Caminhos plurais e causa comum
A Missão Anchieta, na Prelazia de Diamantino, foi uma terra fértil para a afirmação de um novo indigenismo missionário de resistência e conquista de importantes direitos dos povos indígenas.
Aí também temos a fundamental contribuição de Thomaz. Sua sensibilidade aguçada, coragem e determinação, ele e Egydio tiveram a intuição de ajudar os povos indígenas no Brasil de darem um passo decisivo na luta e conquista de seus direitos, especialmente suas terras. Ao sentirem os povos originários em nosso continente se unirem e mobilizarem para enfrentar a opressão do sistema colonial, procuraram buscar um caminho de solidariedade, apoio e visibilidade às lutas dos povos indígenas em nosso país.

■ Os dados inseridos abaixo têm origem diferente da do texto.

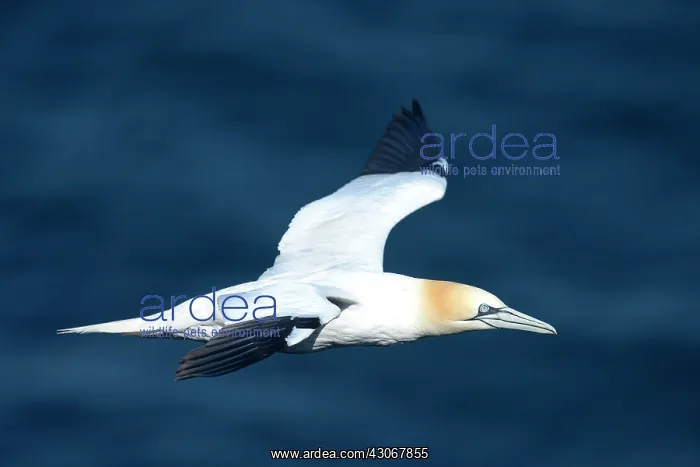  : Northern Gannet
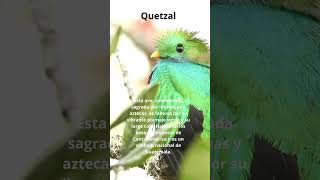 Quetzal! De lo más bonito! #faunasalvaje #especies #curiosidades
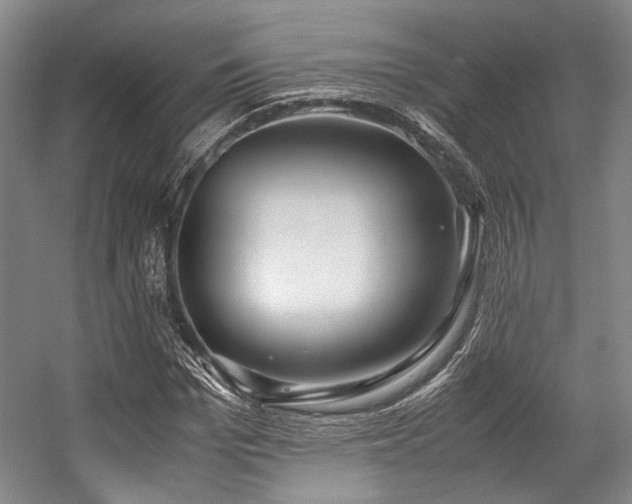X0000057580969200509161058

Foi então que ajudaram os povos, especialmente as comunidades assistidas pelas missões católicas, num primeiro momento, a começarem a se visitar e reunir em grandes assembleias para debaterem sua causa, seus problemas e principalmente as formas de se apoiarem nas lutas por seus direitos.
“Pagaste um preço alto pela tua ousadia e radicalidade, mas podes ter a certeza de que o sofrimento se transformará em semente e a semente em muitos frutos”
Da aldeia ao Sínodo da Amazônia
Thomaz tornou-se semente de resistência, de novos caminhos possíveis e necessários em nosso ardor missionário e testemunho profético. Tua presença e partilha de vida com os Myky é certamente um desses caminhos a emergir com vigor no Sínodo da Amazônia que se realizará em outubro desse ano.
Thomaz! Pagaste um preço alto pela tua ousadia e radicalidade, mas podes ter a certeza de que o sofrimento se transformará em semente e a semente em muitos frutos.
Abraço a meu melhor amigo, companheiro de luta e caminho
No dia em que encontramos Vicente Kiwxi, você Jaúka, aos prantos, bradaste por justiça: “Encontramos esse meu maior amigo… Chorei comovido, e, pensando na figura desse meu amigo, que tombava ali, insepulto até então, ignorado por todos, como ele foi durante muito tempo, por muita gente, que não dava valor ao tipo de trabalho que ele levava, que era de total respeito ao povo Enawenê Nawê” (Provocar rupturas, construir o reino, memória, martírio e missão de Vicente Cañas, Egon Heck e Paulo Suess, ed. Loyola, 2017).
Como afirmaste há poucos dias, por ocasião dos 50 anos da OPAN, teu batismo de fogo foi ajudar a sobrevivência dos Tapaiúna, que foram quase totalmente massacrados pela irresponsabilidade do Estado brasileiro, e que até hoje estão sem ter sua terra devolvida.
Thomaz, os povos indígenas são imensamente gratos, pois foste e continuas sendo um guerreiro dessa causa, agora junto a todos os que deram suas vidas por essa causa.